══ Extracted material

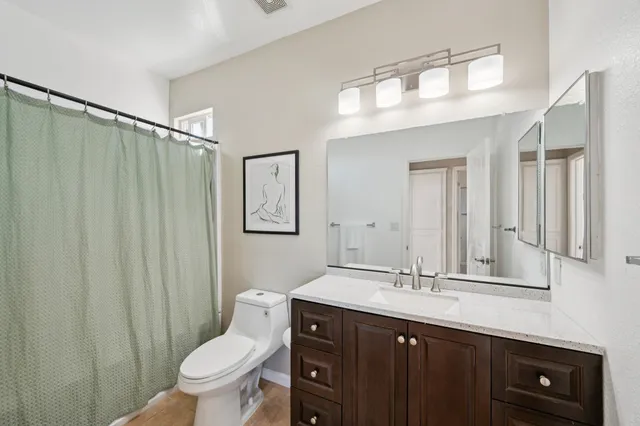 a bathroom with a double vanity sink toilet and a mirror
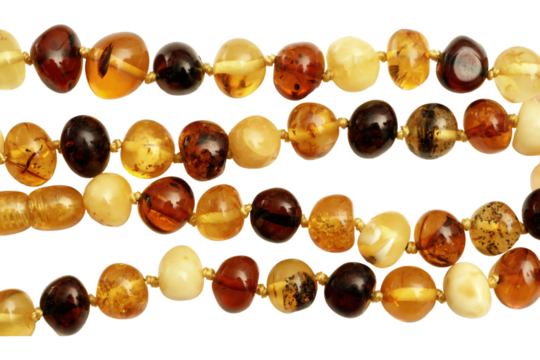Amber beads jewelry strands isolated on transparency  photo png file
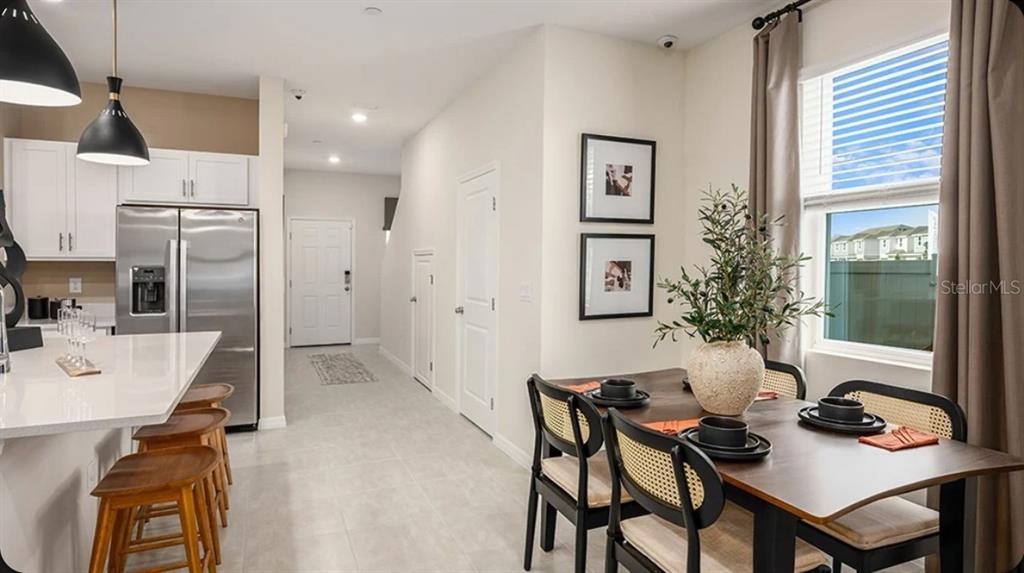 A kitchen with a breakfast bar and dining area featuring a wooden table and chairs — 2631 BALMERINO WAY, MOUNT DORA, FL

════
══ Extracted material

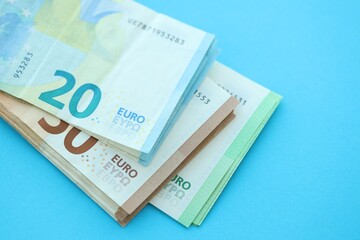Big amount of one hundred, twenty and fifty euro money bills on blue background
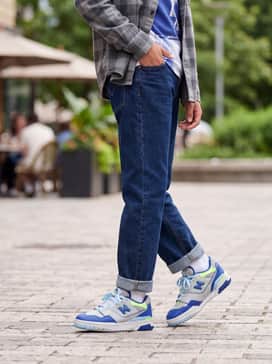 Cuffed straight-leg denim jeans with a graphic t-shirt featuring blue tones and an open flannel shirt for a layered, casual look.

════

# [Exercise description]
Starting at the line containing "a bathroom with" and stopping at the line containing "A kitchen with", output each line exactly as it appears above. Leave out the pictures.

# [Answer section]
 a bathroom with a double vanity sink toilet and a mirror
Amber beads jewelry strands isolated on transparency  photo png file
 A kitchen with a breakfast bar and dining area featuring a wooden table and chairs — 2631 BALMERINO WAY, MOUNT DORA, FL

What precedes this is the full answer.